In 1900, nearly 33% of the deputies were elected by less than 100 and close upon 66% of the deputies were elected by less than 1000 votes. Transylvania had an even worse representation, the more Romanian a county was, the fewer voters did it possess. Out of the Transylvanian deputies sent to Budapest, 35 represented the 4 mostly Hungarian counties and the chief towns (together forming 20% of the population), whereas only 30 deputies represented another 72% of the population, which was predominantly Romanian.
In 1913, even the electorate that elected only one-third of the deputies had a non proportional ethnic composition. The Magyars who gave the 54.5% of the whole population (in Hungary proper) had 60.2% majority in the electorate. Ethnic Germans participated with 10.4% in population and 13.0% in the electorate. The participation of other ethnic groups was as follows: Slovaks (10.7% in population, 10.4% in the electorate), Romanians (16.1% in population, 9.9% in the electorate), Rusyns (2.5% in population, 1.7% in the electorate), Croats (1.1% in population, 1.0% in the electorate), Serbs (2.2% in population, 1.4% in the electorate), and others (2.2% in population, 1.4% in the electorate).
Officially, Hungarian electoral laws haven't contained any legal discrimination based on nationality or language. The high census wasn't uncommon in other European countries in the 1860s but later the countries of Western-Europe gradually lowered and at last abolished their censi. That never happened in the Kingdom of Hungary, although electoral reform was one of the main topic of political debates in the last decades before World War I.

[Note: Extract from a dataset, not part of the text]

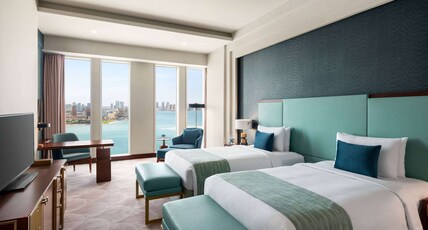 Wyndham Grand Doha West Bay Beach Room Type - Deluxe Twin Room - Sea View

- See also: List of Magyarized geographical names
The Magyarization policy under the governing of Dezső Bánffy between 1895 and 1899 also included forced Magyarization of personal and geographical names. The law about registry books prescribed that all names in these books should be in Hungarian. The native names of non-Hungarians were, thus, replaced with Hungarian ones, for example Serbian name Stevan was replaced with Istvan or Jelena with Ilona. The policy included not only Magyarization of personal names, but of surnames as well.
Hungarian authorities put constant pressure upon all non-Hungarians to Magyarize their names and the ease with which this could be done gave rise to the nickname of Crown Magyars (the price of the registration being one krone). In 1881 the "Central Society for Name Magyarization" (Központi Névmagyarositó Társaság) was founded in 1881 in Budapest. The aim of this private society was to provide advice and guidelines for those who wanted to Magyarize their surnames. Telkes Simon became the chairman of the society, who professed that “one can achieve being accepted as a true son of the nation by adopting a national name”. The society began an advertising campaign in the newspapers and sent out circular letters. They also made a proposal to lower the fees of the name changing. The proposal was accepted by the Parliament and the fee was lowered from 5 Forints to 50 Krajcárs. After this the name changings peaked in 1881 and 1882 (with 1261 and 1065 registered name changes), and continued in the following years on the average of 750-850 per year. During the Bánffy-administration there was another boost with the highest 6700 application forms in 1897, mostly due to the pressure from authorities and employers of the government sector. Statistics show that only between 1881 and 1905 42,437 surnames were Magyarized. Voluntary Magyarization of German or Slavic-sounding surnames remained a typical phenomenon in Hungary during the course of the whole 20th century.
Together with Magyarization of personal names and surnames, the exclusive use of the Hungarian names of geographical places, instead of multilingual usage, was also common. For the places that were not known under Hungarian names in the past, new Hungarian names were invented and used in administration instead of the former original non-Hungarian names. Examples of places where original non-Hungarian names were replaced with newly invented Hungarian names: Szvidnik - Felsővízköz (in Slovak Svidník, now Slovakia), Najdás - Néranádas (in Romanian Naidǎş, now Romania), Sztarcsova - Tárcsó (in Serbian Starčevo, now Serbia), Lyutta - Havasköz (in Ruthenian Lyuta, now Ukraine), Bruck - Királyhida (now Bruck an der Leitha, Austria).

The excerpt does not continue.